Problem description
Verbatim, and with nothing else, reproduce the data below from its first line through the line containing "Marvel Avengers Spiderman".

§

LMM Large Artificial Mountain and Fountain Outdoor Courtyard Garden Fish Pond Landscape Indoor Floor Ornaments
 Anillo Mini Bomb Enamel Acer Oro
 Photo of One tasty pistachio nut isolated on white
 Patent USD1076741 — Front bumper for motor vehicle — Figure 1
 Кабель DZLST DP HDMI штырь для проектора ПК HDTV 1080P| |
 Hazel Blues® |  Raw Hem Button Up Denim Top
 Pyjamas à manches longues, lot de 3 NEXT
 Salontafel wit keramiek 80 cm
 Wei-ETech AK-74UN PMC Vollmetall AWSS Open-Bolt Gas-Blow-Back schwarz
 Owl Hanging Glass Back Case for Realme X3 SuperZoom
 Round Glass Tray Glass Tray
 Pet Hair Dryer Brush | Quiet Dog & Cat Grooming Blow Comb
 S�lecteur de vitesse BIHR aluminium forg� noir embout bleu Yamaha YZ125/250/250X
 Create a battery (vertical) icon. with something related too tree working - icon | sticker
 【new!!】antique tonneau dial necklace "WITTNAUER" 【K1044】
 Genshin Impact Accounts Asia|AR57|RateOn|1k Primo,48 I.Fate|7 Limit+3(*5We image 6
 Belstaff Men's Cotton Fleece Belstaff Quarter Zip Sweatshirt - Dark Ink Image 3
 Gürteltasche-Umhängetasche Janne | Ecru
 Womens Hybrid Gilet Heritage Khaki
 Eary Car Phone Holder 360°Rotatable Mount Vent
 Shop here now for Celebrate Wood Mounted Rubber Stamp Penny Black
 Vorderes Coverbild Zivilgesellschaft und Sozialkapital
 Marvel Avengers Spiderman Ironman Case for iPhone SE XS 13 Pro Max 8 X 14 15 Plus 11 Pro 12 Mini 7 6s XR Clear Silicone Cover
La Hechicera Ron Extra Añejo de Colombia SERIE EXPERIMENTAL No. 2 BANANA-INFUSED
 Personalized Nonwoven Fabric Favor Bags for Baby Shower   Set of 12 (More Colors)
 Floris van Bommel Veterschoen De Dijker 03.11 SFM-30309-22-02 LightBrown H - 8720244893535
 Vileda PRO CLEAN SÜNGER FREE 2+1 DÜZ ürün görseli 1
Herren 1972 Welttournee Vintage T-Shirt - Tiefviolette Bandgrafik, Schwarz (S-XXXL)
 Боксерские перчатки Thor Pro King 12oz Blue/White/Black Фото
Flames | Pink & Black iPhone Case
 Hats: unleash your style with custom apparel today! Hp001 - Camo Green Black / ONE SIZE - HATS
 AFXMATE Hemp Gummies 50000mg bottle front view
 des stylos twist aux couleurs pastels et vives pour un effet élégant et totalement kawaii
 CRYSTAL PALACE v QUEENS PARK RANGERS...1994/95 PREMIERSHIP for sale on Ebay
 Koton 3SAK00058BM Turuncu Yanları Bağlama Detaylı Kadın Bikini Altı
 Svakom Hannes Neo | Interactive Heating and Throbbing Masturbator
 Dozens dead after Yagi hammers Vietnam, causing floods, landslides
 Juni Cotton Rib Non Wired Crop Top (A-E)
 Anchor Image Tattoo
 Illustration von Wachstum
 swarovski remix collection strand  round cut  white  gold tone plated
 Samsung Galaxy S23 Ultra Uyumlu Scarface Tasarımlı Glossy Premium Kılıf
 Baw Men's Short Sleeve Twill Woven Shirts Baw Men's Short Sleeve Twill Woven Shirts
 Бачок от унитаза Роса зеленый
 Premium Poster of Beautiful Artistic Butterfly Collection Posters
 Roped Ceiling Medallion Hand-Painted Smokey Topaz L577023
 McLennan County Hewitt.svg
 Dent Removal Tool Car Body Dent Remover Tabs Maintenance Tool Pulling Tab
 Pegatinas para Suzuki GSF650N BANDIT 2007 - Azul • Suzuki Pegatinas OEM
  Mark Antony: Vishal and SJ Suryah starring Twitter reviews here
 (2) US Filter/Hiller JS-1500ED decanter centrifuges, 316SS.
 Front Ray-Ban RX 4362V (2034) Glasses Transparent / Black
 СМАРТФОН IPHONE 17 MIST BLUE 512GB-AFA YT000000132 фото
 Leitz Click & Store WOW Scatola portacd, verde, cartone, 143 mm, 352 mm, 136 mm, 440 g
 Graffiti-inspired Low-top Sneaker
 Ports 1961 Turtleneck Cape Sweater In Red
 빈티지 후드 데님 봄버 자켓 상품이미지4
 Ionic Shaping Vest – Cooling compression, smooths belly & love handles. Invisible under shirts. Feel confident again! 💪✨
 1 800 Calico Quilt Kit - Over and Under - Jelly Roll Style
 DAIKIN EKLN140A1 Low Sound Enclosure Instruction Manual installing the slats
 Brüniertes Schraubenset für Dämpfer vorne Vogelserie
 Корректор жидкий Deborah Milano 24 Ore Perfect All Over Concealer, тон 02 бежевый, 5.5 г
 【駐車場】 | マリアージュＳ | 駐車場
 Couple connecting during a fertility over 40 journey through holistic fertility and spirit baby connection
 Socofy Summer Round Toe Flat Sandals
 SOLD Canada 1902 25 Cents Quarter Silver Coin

§

Answer to this exercise
LMM Large Artificial Mountain and Fountain Outdoor Courtyard Garden Fish Pond Landscape Indoor Floor Ornaments
 Anillo Mini Bomb Enamel Acer Oro
 Photo of One tasty pistachio nut isolated on white
 Patent USD1076741 — Front bumper for motor vehicle — Figure 1
 Кабель DZLST DP HDMI штырь для проектора ПК HDTV 1080P| |
 Hazel Blues® |  Raw Hem Button Up Denim Top
 Pyjamas à manches longues, lot de 3 NEXT
 Salontafel wit keramiek 80 cm
 Wei-ETech AK-74UN PMC Vollmetall AWSS Open-Bolt Gas-Blow-Back schwarz
 Owl Hanging Glass Back Case for Realme X3 SuperZoom
 Round Glass Tray Glass Tray
 Pet Hair Dryer Brush | Quiet Dog & Cat Grooming Blow Comb
 S�lecteur de vitesse BIHR aluminium forg� noir embout bleu Yamaha YZ125/250/250X
 Create a battery (vertical) icon. with something related too tree working - icon | sticker
 【new!!】antique tonneau dial necklace "WITTNAUER" 【K1044】
 Genshin Impact Accounts Asia|AR57|RateOn|1k Primo,48 I.Fate|7 Limit+3(*5We image 6
 Belstaff Men's Cotton Fleece Belstaff Quarter Zip Sweatshirt - Dark Ink Image 3
 Gürteltasche-Umhängetasche Janne | Ecru
 Womens Hybrid Gilet Heritage Khaki
 Eary Car Phone Holder 360°Rotatable Mount Vent
 Shop here now for Celebrate Wood Mounted Rubber Stamp Penny Black
 Vorderes Coverbild Zivilgesellschaft und Sozialkapital
 Marvel Avengers Spiderman Ironman Case for iPhone SE XS 13 Pro Max 8 X 14 15 Plus 11 Pro 12 Mini 7 6s XR Clear Silicone Cover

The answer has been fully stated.